Many cattle breeds that were once core components of regional cultures are now in danger of extinction. As cultures are homogenized and historic agricultural traditions abandoned, the flavors and food traditions that revolved around specific breeds are threatened as well.
In response to this threat, The Livestock Conservancy is defining Heritage Cattle, and the Heritage Beef and Milk that come from them. This ensures that the legacy left to succeeding generations has as much genetic breadth and biological robustness as the current generation has itself inherited from previous generations. The definition draws attention to endangered breeds of cattle, supports their genetic integrity and long-term conservation, encourages management strategies that are biologically appropriate and agriculturally sustainable, and celebrates the cultural and culinary traditions of these breeds. Cattle and cattle products marketed as Heritage must meet all of the following criteria.
Definition of Heritage Cattle
Heritage Cattle must adhere to all of the following:
- True Genetic Breed. The breed is a true genetic breed of cattle. That is, when mated together, it reproduces the breed type.
- Endangered Breed. The breed is or has been endangered, as defined by the The Livestock Conservancy, and appears on the Conservation Priority List in the Critical, Threatened, Watch, or Recovering categories.
- Long History in US. The breed has an established and continuously breeding population in the United States since 1925. If developed since 1925, foundation stock is no longer available. If more recently imported, the breed is globally endangered.
- Purebred Status. Heritage Cattle must be registered purebred animals or immediate offspring of registered purebred animals. Cattle that are the result of a breed association sanctioned grade-up program must have obtained purebred status.
Once animals have met the criteria of the Heritage Cattle definition, their products too much evaluated against the criteria established for Heritage Beef, Heritage Milk, and Heritage Milk Products.
Definition of Heritage Cattle Products
Heritage Cattle Products must come from:
- Heritage Cattle only.
- Herds with ongoing breed selection practices for longevity, fertility, and productivity.
- Herds that follow sustainable management practices that provide for animal well-being
- diets that are all plant-based, and primarily forage-based.

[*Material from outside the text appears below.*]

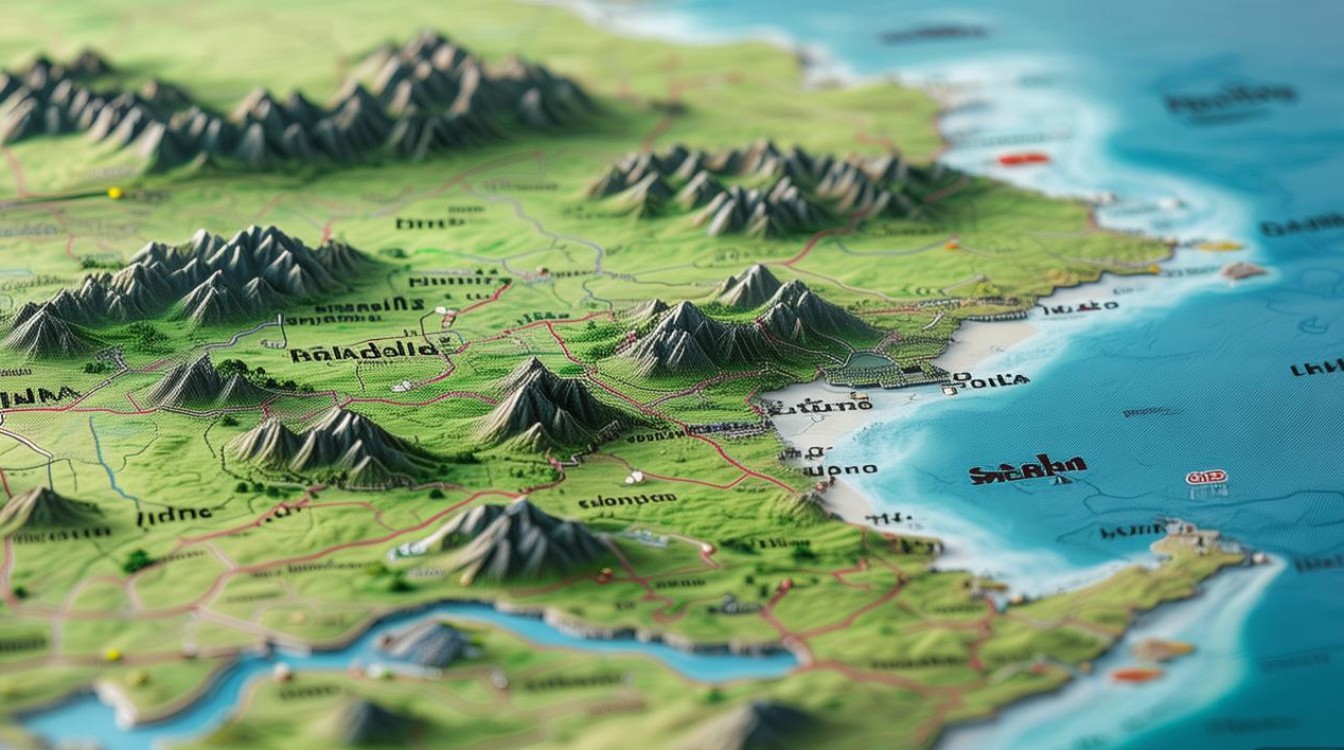 山东省旅游景点地图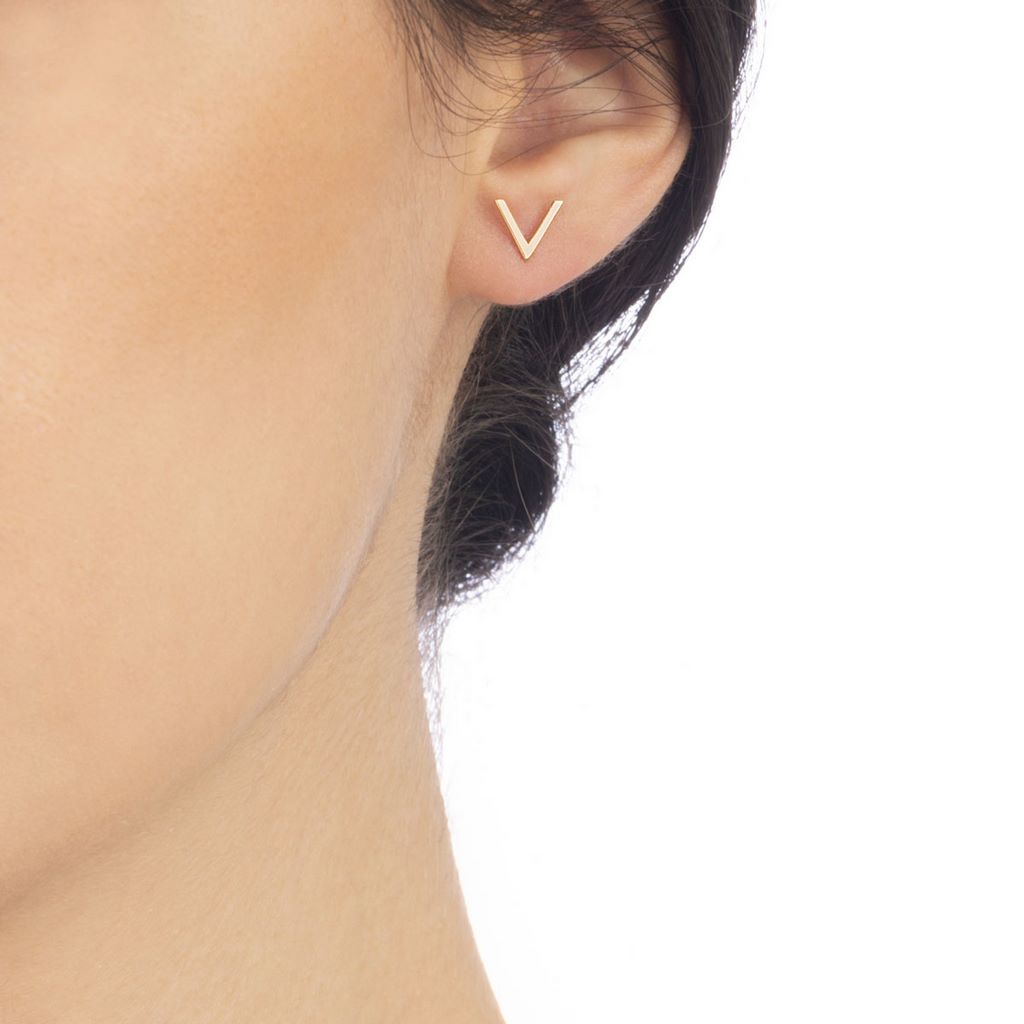 گوشواره طلا زنانه طلا 18عیار طرح هفتی هشتی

- raised primarily in open, pasture or range, environments. This specifically excludes total confinement operations.
- free from routine prophylactic antibiotics.
- free from administered synthetic or natural growth promoters or growth hormones.
- humanely slaughtered.
A. Definition of Heritage Beef Products:
Beef animals and their products marketed as Heritage Beef must:
- Be produced from the mating of registered, purebred parent stock.
- This allows for the sale as Heritage of those offspring that are produced by mating registered animals of two different Heritage breeds.
- Include the name of the breed of that animal on the label, or the two Heritage breeds used in crossbred production.
B. Definition of Heritage Milk or Heritage Milk Products:
Milk marketed as Heritage Milk must:
- Be exclusively from animals that have been produced from the mating of registered, purebred parent stock.
- This allows for the sale as Heritage of milk from those offspring that are produced by mating registered animals of two different Heritage breeds.
- Include the name(s) of the breed(s) of the animals on product label.
Products made with Heritage Milk:
- Must be made exclusively with Heritage Milk to use Heritage in the product name.
- As an ingredient may use “Made with Heritage Milk” on the label but cannot use Heritage in the product title, and the label must state the percentage of milk from each Heritage breed.
- Must include the name(s) of the breed(s) of the animals on product label.
Terms like “heirloom,” “antique,” old-fashioned,” and “old timey” imply heritage and are understood to be synonymous with the definition provided here.